* WHAT TO WORK ON
Nothing but a number should be written: the count of lines below that contain "Elegant".

* MATERIAL SHOWN
"""

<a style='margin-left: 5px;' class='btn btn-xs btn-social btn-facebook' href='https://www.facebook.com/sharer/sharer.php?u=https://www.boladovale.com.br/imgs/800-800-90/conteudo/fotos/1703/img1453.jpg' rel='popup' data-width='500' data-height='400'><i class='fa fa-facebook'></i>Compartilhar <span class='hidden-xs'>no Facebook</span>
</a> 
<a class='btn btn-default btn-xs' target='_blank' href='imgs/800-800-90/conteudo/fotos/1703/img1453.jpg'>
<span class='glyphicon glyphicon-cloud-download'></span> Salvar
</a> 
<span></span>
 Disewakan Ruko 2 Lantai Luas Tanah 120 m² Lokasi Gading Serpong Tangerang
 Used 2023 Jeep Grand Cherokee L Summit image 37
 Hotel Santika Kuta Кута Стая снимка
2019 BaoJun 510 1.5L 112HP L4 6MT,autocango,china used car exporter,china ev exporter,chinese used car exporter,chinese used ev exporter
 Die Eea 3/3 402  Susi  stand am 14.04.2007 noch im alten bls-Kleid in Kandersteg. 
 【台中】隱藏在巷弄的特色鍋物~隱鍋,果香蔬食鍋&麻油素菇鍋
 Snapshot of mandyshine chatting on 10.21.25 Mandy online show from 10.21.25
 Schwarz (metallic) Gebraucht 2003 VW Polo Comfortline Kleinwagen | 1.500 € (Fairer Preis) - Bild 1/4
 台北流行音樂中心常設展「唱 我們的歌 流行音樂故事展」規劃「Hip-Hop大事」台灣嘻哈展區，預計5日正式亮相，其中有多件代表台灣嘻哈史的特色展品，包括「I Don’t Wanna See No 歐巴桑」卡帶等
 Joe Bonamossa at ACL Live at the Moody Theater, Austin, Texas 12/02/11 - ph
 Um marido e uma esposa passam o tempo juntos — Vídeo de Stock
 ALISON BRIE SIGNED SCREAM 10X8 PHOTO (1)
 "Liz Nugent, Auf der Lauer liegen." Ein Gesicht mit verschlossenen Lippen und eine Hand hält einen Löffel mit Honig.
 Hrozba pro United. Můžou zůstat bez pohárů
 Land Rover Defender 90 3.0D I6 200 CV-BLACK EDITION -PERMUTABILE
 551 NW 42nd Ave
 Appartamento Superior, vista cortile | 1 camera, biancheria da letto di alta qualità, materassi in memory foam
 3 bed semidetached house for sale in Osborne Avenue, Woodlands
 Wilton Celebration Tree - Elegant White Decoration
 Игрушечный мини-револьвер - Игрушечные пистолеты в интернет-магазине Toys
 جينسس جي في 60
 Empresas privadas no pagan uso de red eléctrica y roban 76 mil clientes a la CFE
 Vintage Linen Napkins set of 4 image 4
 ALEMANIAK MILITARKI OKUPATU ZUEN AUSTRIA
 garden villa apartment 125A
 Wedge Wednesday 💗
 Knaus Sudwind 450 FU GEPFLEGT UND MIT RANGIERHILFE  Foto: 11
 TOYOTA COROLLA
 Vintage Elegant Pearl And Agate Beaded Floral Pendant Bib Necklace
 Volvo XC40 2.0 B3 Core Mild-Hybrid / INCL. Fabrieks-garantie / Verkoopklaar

"""

* EXERCISE RESULT
2